Phase 5: Zeit für Konserven

So vergehen auch die Wochen vier und fünf an Bord wie im Fluge. Vielleicht nicht ganz so bequem, wie im Flugzeug… wahrscheinlich gleicht unser hart am Wind Kurs eher einem Flugzeug in Turbulenzen. Wellen und Wind kommen von vorne und schütteln uns ordentlich durch. Wenn wir zu stark in Krängung liegen und das Wasser ständig über die Reling schwappt, ist es Zeit für das nächste Reff. Teilweise fahren wir mit gereffter Fock und zwei Mal gerefftem Groß. Aber immerhin kommen wir voran!

Unser erster Brotteig
Unser erster Brotteig

Zu Beginn der Reise produzieren wir größtenteils nur Bio-Müll, der über Bord gehen kann. Doch jetzt füllt sich auch langsam unser Müllsack mit Konserven. Darunter hauptsächlich Mais-, Erbsen- und Pilzdosen, das ein oder andere Glas mit Tomatensauce und Packungen mit Kokosnussmilch.

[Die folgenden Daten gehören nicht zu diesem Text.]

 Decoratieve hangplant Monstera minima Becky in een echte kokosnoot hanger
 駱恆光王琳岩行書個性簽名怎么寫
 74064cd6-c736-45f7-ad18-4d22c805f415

Vor der Abfahrt haben wir uns noch einen Schnellkochtopf geleistet. Darin versuchen wir das erste Mal in unserem Leben Brot zu  backen. Klappt eigentlich auch ganz gut. Das Brot hat eine schöne Kruste und ist ansonsten nur wenig pappig. Kurz gesagt: Das beste Brot, dass wir auf unserer Reise bisher gegessen haben! Da ich ja Smutje bin und Arbeitsteilung bei uns groß geschrieben wird, muss ich auch nicht den angebrannten Topf sauber machen. Herrlich!

Phase 6: Weihnachten und Ostern zusammen

Im Zick-Zack Kurs nach Sri Lanka
Im Zick-Zack Kurs nach Sri Lanka

Das Ende der Reise ist dann noch mal richtig anstrengend. Der Wind dreht auf W und teilweise sogar auf NWN. Das heißt für uns: Kreuzen. Obwohl unser GPS anzeigt, dass es noch weniger als hundert Meilen bis zum Ziel sind, brauchen wir im Zick-Zack-Kurs eine komplette Woche dazu.

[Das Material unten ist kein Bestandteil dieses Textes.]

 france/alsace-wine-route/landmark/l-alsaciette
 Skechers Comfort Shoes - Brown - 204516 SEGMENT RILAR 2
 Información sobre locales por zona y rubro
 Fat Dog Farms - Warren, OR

Wir lassen uns aber nicht unterkriegen und träumen schon von Pizza, Bier und Zigaretten. Da wir ja bald ankommen müssten, lässt meine Kreativität im Kochen leider etwas nach und es landen einfach drei bis vier Dosen im großen Topf. Der Müllsack hängt nun auch langsam verdächtig weit über die Reling.

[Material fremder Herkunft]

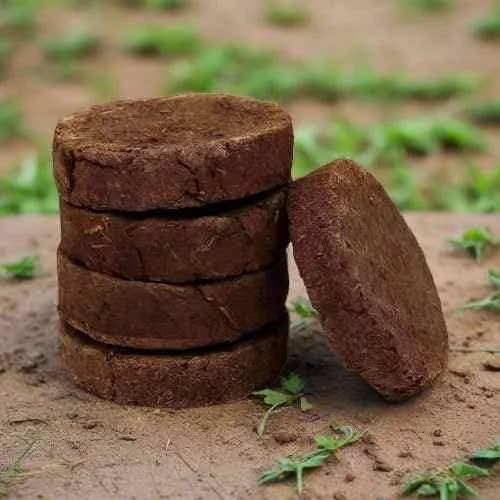 Stack of sun-dried cow dung cakes ready for packaging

Noch bevor wir unfreiwillig zu Umweltverschmutzern werden hat das Leid ein Ende und wir erblicken endlich Festland! Jetzt heißt es nur noch, sich mit Behörden herumzuärgern und dann werden wir mit fettigem Essen und einer ordentlichen  Hopfenkaltschale für unsere Mühen belohnt. Bier, wir finden dich!